The decibel is a logarithmic ratio, because the ear judges level in ratios rather than absolute differences
Human hearing perceives level (and pitch) roughly logarithmically: we compare in ratios, so equal numerical steps mean equal perceived steps. A 10× increase in physical sound power yields only about a doubling of perceived loudness. The decibel encodes this with a logarithmic scale: +6 dB is a 2× change in voltage amplitude, +20 dB is a 10×, and −6 dB is a halving. Because the ear responds to ratios, a given dB change (e.g. 3 dB or 6 dB) sounds like the same amount of change at any starting level, which is why gain controls, faders, and compressor thresholds are all calibrated in dB. A decibel value is relative and meaningless on its own: an absolute level requires a reference (dBu, dBV electrical; dBFS digital full-scale).

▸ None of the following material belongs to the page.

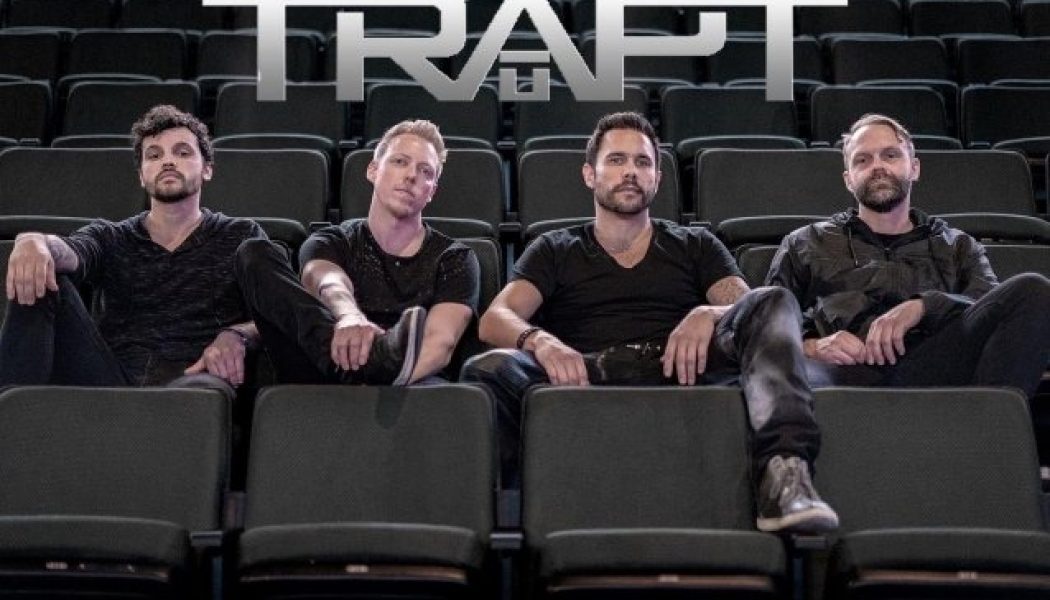 TRAPT Releases Lyric Video For ‘Make It Out Alive’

Common misconception: a dB is a fixed amount of loudness — it is not; without a reference, ‘4.75 dB’ names no absolute level, just as a ‘major sixth’ names no note without a starting pitch.
Examples
+6 dB doubles amplitude whether from −20 to −14 dBFS or −14 to −8 dBFS. On a mixer: 0 dB (unity) passes signal unchanged, −6 dB halves it, −20 dB reduces it to one-tenth. ‘4.75 dB’ alone is meaningless without a reference.
Assessment
Explain why a 6 dB boost is the same perceptual change at any starting level and why faders are calibrated in dB rather than linearly. Calculate how many dB correspond to halving the signal amplitude.